[issue22393] multiprocessing.Pool shouldn't hang forever if a worker process dies unexpectedly

Oscar Esteban report at bugs.python.org
Mon Nov 12 17:57:52 EST 2018


Oscar Esteban <oesteban at stanford.edu> added the comment:

I tried to reuse as much as I could from the patch, but it didn't solve the issue at first.

I have changed the responsibility of identifying and prescribing a solution when a worker got killed. In the proposed patch, the thread handling results (i.e. tasks queued by one worker as done) was responsible. In the PR, the responsibility is reassigned to the thread handling workers (since, basically, one or more workers suddenly die).

The patch defined a new BROKEN state that was assigned to the results handler thread. I transferred this behavior to the worker handler thread. But, I'm guessing that the BROKEN state should be assigned to the Pool object instead, to be fully semantic. Although that would require passing the reference to the object around and complicate unnecessarily the implementation.
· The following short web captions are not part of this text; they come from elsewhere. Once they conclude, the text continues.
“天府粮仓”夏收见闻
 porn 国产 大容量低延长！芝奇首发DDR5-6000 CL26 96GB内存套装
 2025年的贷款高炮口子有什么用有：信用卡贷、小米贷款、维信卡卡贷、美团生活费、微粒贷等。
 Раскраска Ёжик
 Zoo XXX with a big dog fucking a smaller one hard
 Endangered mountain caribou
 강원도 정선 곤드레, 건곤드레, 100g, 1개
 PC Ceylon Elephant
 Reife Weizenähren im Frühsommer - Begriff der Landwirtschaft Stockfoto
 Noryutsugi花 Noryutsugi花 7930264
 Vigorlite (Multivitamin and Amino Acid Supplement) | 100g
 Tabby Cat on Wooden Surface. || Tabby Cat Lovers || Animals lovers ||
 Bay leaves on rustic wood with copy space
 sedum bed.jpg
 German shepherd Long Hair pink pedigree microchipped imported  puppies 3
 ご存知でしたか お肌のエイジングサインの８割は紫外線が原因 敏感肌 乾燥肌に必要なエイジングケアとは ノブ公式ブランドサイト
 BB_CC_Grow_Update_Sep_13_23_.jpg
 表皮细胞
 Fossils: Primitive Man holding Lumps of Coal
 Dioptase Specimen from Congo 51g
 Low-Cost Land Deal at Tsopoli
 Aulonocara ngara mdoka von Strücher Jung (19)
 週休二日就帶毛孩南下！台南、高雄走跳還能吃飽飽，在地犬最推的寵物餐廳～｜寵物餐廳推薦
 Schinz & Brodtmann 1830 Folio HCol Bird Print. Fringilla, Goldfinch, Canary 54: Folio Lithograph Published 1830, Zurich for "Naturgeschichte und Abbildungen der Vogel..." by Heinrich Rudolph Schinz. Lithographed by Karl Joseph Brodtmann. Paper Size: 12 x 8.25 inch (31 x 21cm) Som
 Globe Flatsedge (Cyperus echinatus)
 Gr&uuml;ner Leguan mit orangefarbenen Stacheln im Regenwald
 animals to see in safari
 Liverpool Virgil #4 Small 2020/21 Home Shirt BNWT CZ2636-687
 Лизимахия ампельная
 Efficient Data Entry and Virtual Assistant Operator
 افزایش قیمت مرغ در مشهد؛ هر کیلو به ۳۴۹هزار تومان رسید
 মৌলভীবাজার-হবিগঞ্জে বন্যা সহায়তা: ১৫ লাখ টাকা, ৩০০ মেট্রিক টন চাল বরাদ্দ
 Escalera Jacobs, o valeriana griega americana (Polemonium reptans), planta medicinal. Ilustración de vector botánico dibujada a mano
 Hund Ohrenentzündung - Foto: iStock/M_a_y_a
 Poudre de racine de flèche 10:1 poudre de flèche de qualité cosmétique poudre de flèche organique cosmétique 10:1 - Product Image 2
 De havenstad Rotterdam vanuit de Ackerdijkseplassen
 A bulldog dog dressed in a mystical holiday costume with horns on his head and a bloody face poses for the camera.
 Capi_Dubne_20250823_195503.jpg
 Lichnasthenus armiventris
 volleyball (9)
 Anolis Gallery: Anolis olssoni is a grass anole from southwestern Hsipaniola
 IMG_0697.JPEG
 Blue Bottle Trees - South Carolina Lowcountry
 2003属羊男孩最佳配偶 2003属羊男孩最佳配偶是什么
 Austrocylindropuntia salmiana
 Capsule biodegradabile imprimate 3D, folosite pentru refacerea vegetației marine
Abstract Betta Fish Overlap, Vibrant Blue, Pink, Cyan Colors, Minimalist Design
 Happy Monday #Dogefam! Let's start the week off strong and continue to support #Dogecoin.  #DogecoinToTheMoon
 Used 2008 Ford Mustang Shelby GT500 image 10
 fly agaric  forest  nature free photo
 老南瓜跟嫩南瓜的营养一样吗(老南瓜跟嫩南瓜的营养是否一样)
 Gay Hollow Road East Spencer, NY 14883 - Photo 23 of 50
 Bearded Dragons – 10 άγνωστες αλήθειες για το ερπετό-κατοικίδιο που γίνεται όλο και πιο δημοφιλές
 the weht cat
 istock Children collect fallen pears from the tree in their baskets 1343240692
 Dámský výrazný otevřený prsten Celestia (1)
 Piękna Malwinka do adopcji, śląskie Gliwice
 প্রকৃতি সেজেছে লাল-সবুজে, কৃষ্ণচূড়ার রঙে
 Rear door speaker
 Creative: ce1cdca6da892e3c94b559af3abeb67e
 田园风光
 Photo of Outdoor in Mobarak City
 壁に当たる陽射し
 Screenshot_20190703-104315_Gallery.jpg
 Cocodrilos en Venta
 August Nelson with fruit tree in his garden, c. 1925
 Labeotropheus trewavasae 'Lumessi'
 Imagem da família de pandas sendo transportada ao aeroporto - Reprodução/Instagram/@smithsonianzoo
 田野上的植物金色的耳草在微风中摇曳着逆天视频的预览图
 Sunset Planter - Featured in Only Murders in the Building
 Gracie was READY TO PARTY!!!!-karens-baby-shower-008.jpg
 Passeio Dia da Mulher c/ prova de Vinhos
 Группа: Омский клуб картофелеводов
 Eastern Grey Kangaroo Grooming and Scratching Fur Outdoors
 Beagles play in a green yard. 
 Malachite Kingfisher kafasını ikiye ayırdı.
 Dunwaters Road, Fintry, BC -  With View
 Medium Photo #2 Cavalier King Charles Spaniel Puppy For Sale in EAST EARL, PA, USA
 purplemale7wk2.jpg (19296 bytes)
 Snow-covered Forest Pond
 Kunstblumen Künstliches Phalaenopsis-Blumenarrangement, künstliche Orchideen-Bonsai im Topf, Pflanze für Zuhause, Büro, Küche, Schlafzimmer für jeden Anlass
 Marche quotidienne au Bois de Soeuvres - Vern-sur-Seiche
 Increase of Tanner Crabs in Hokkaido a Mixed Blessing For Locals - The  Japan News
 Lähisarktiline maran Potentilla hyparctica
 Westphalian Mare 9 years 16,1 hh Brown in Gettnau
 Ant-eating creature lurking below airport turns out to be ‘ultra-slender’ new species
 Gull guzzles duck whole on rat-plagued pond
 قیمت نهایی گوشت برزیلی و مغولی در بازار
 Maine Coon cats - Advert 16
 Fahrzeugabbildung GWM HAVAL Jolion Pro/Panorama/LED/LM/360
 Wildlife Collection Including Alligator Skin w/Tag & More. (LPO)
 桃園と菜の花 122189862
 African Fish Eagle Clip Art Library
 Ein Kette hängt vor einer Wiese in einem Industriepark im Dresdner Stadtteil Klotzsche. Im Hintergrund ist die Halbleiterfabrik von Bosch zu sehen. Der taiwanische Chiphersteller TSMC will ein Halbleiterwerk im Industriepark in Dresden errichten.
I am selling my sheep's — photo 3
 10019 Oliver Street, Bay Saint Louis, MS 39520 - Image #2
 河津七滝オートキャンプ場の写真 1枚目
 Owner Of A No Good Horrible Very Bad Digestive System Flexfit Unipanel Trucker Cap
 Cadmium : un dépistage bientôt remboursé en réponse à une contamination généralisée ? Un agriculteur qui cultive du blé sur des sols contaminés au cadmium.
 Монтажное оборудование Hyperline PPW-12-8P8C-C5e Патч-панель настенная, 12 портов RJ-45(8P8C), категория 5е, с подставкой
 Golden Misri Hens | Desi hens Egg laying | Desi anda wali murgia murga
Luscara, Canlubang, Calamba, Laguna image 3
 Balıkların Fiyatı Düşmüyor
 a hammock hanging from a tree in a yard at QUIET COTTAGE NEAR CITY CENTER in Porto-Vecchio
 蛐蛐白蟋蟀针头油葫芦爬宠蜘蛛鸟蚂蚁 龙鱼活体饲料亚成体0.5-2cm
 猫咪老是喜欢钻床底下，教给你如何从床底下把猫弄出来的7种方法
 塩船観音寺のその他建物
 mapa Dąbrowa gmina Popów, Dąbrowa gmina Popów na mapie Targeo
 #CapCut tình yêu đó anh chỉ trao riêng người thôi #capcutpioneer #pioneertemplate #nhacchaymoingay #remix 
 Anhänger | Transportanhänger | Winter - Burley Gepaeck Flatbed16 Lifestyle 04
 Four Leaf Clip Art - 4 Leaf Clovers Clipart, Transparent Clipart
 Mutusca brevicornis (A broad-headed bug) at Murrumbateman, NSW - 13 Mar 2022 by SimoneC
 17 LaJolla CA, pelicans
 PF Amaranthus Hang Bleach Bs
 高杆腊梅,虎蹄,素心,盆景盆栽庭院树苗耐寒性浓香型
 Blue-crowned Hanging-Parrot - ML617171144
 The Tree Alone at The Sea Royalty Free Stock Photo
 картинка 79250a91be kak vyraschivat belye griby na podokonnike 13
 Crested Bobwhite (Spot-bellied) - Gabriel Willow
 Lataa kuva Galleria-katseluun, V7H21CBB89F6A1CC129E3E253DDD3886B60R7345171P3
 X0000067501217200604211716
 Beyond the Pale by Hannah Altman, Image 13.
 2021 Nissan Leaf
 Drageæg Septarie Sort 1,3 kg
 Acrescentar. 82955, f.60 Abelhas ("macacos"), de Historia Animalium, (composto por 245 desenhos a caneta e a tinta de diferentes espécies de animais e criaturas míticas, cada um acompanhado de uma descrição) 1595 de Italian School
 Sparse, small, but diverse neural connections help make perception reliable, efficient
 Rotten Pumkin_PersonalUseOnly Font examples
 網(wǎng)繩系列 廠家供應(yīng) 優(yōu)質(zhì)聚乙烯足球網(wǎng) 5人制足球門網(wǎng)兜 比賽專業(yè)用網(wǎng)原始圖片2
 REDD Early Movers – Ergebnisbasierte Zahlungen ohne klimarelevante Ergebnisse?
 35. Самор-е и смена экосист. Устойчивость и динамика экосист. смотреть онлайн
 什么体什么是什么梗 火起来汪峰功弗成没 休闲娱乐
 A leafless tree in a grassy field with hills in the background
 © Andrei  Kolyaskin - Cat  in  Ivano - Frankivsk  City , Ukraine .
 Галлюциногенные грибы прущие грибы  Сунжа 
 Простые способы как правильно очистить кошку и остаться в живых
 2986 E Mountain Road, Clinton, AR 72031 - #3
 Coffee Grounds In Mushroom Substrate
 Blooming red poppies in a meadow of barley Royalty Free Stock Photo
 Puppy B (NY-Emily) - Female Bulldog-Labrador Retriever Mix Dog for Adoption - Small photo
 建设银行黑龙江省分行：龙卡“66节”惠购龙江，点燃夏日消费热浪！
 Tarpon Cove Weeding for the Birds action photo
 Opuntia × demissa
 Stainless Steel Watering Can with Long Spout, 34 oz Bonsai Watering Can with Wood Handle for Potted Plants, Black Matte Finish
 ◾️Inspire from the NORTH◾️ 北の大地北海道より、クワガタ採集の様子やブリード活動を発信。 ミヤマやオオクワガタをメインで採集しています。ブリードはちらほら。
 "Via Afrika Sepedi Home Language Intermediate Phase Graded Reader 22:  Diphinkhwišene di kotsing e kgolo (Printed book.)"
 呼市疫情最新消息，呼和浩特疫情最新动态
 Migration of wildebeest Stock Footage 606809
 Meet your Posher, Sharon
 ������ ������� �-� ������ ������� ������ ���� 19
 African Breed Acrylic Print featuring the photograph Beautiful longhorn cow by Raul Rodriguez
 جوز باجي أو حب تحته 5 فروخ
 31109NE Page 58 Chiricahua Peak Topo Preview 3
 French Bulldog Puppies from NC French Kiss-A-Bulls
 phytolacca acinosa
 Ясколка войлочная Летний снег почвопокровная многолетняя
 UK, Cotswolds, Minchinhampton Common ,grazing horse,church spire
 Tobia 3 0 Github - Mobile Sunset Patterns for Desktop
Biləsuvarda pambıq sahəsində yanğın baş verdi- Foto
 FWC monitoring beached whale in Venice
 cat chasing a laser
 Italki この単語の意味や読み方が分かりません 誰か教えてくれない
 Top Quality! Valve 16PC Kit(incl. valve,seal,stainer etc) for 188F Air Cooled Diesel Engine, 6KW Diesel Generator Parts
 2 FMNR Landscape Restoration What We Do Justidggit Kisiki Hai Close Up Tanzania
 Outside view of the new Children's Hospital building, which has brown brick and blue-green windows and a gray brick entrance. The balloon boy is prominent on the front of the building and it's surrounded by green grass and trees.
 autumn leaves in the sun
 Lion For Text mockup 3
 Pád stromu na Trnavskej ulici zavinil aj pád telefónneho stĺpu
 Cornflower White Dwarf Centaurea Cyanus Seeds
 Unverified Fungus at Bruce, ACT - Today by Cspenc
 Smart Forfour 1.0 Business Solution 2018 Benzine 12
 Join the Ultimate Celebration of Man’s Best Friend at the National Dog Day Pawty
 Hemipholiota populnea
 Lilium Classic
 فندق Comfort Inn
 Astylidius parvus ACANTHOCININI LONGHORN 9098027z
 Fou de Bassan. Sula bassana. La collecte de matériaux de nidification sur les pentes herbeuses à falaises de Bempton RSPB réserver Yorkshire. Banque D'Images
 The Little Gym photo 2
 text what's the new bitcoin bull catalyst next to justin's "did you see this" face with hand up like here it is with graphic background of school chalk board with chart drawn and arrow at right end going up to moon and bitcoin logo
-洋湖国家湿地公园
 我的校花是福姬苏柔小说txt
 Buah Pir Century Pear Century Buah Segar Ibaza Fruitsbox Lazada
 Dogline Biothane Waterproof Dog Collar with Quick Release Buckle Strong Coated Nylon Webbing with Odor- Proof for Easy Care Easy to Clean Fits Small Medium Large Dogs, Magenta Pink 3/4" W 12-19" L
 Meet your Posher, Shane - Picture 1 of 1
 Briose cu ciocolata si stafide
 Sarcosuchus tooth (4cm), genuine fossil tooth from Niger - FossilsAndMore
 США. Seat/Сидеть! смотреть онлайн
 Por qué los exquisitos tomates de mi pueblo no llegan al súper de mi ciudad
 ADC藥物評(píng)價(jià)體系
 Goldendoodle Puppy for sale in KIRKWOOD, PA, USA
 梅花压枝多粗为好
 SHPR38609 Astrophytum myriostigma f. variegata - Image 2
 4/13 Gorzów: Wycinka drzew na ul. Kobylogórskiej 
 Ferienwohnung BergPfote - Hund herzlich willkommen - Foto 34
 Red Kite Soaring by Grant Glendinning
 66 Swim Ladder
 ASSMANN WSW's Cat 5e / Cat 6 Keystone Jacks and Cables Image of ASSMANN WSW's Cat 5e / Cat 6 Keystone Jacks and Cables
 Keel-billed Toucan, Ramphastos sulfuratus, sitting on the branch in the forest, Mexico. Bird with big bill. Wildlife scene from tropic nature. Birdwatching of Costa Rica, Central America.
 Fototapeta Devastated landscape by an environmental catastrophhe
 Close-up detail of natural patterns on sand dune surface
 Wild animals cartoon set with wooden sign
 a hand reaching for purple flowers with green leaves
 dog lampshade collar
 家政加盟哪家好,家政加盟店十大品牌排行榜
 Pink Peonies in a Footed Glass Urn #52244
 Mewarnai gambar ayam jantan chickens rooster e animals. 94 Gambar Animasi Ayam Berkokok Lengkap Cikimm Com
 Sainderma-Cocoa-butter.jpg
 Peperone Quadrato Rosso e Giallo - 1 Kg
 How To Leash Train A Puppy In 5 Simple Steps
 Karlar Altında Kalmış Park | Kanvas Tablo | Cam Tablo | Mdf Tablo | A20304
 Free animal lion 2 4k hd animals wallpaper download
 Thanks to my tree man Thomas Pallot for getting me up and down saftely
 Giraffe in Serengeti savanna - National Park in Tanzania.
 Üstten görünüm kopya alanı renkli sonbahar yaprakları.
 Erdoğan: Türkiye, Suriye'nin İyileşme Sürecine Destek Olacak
Happy to reconsider though.

I added three tests, one that was present with the patch, a variation of it adding some wait before killing the worker, and the one that Francis Bolduc posted here (https://bugs.python.org/issue22393#msg294968).

Please let me know whether any conversation about this bug should take place in GitHub, with the PR instead of here.

Thanks a lot for the guidance, Antoine.